Con el naranja de las flores de cempasúchil, la intensidad del tequila, el sabor de los manjares autóctonos y una colorida decoración, de esta manera reciben los mexicanos todos los años a sus difuntos
La conmemoración del Día de Muertos se ha convertido en una manifestación de lo que representa ser mexicano, aunque es inexacta la idea de que no le temen a la muerte. A lo que no le temen es a sus difuntos.
Los estados de Michoacán, Veracruz y Puebla, además del Distrito Federal, son algunos de los puntos fuertes de esta festividad, aunque se celebra en todo el territorio mexicano, tanto en los cementerios como en las viviendas particulares.
Como cada año en estas fechas comienzan los preparativos de uno de los días más señalados en el calendario mexicano. El 2 de noviembre se celebra la festividad del Día de Muertos. Este país tiene un concepto curioso sobre la vida y la muerte, sus tradiciones y creencias.

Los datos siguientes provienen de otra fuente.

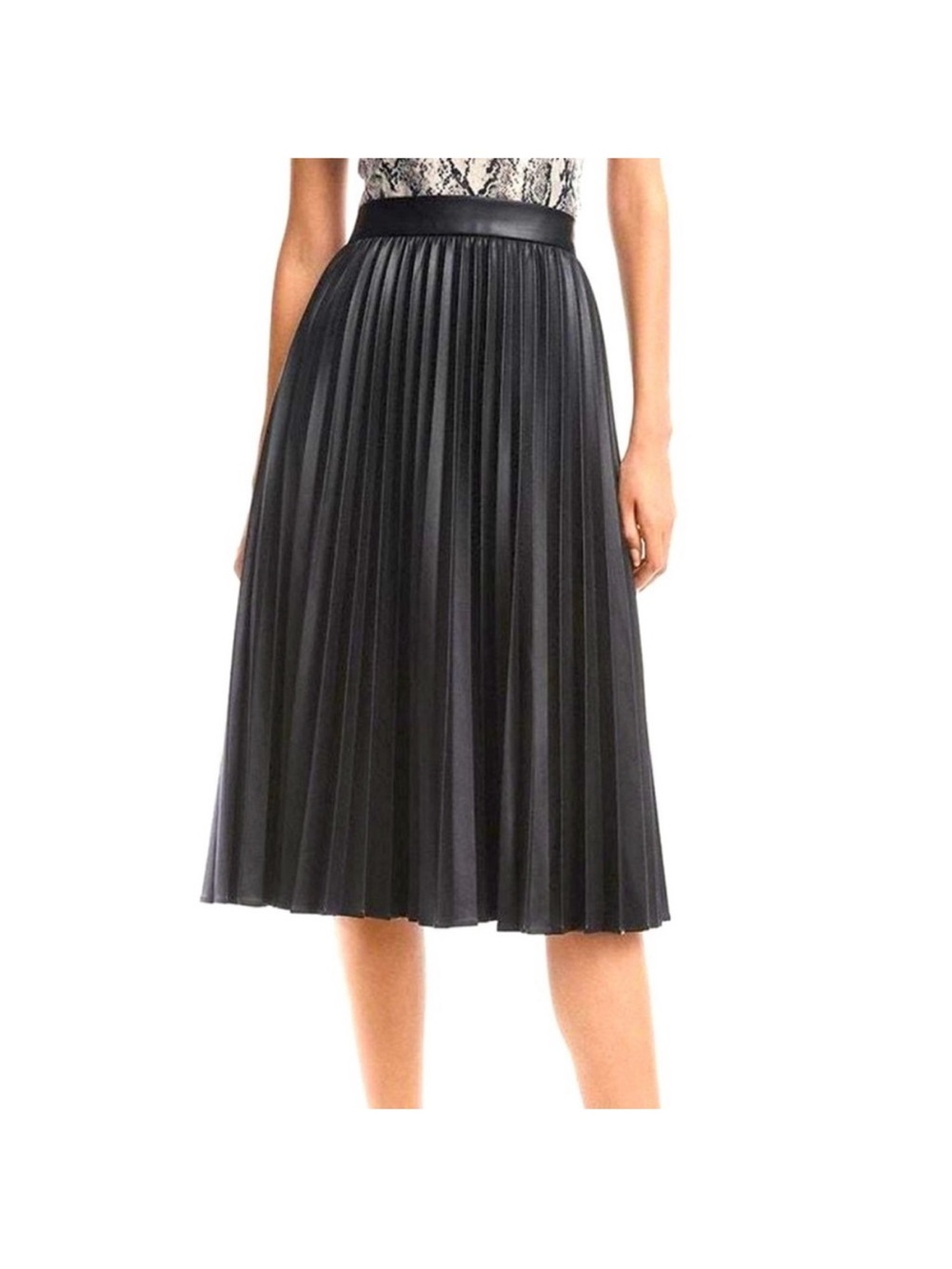 Brooks Brothers Black Faux Leather Pleated Skirt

El Día de Muertos es “una festividad tradicional mexicana que está documentada desde tiempos prehispánicos, pero también tiene un fuerte componente de origen cristiano mediterráneo y se ha convertido en un símbolo muy importante en la entidad nacional”, señala Federico Navarrete, doctor en Estudios Mesoamericanos de la Universidad Nacional Autónoma de México (Unam).
Esta fiesta, que mezcla el dolor de la pérdida de un ser querido con la celebración de la muerte, fue declarada por la Unesco Patrimonio Cultural Inmaterial de la Humanidad en 2003. Más allá de estas raíces “se le da una gran importancia como una manifestación de lo que significa ser mexicano y de la particularidad de la cultura de este país”, enfatiza Navarrete.
“La fiesta se ha vinculado mucho con la idea, que proviene del siglo XIX, de que los mexicanos no le tienen miedo a la muerte porque celebran el Día de Muertos y eso es inexacto”, matiza. Le tienen temor a la muerte, pero lo que marca este día es que los mexicanos “no le temen a los muertos”, quieren mantener ese vínculo con sus difuntos, añade.
Los festejos comienzan en realidad desde el 31 de octubre y se prolongan hasta el 2 de noviembre.
“Existen celebraciones para diversos tipos de muertos. Hay pueblos en los que se separa la fiesta de los muertos niños y jóvenes de la fiesta de los muertos mayores. En otros casos, hay una fiesta especial para aquellos que murieron de una manera violenta o prematura, depende de las comunidades”, añade el experto.
Se considera que los parientes vienen de visita y “es una reunión con un contenido emocional muy positivo, porque es una manera de estar otra vez en compañía de las personas muertas”, señala Navarrete, autor de la novela histórica Huesos de lagartija.
Banquete para el otro mundo. Uno de los elementos centrales de esta festividad son las ofrendas de las cosas que más les gustaron a los muertos cuando estaban en vida, desde alimentos, flores y bebidas hasta cigarrillos. Todo aquello que más agradó al difunto se le presenta para que disfrute de brevemente en la visita de los vivos.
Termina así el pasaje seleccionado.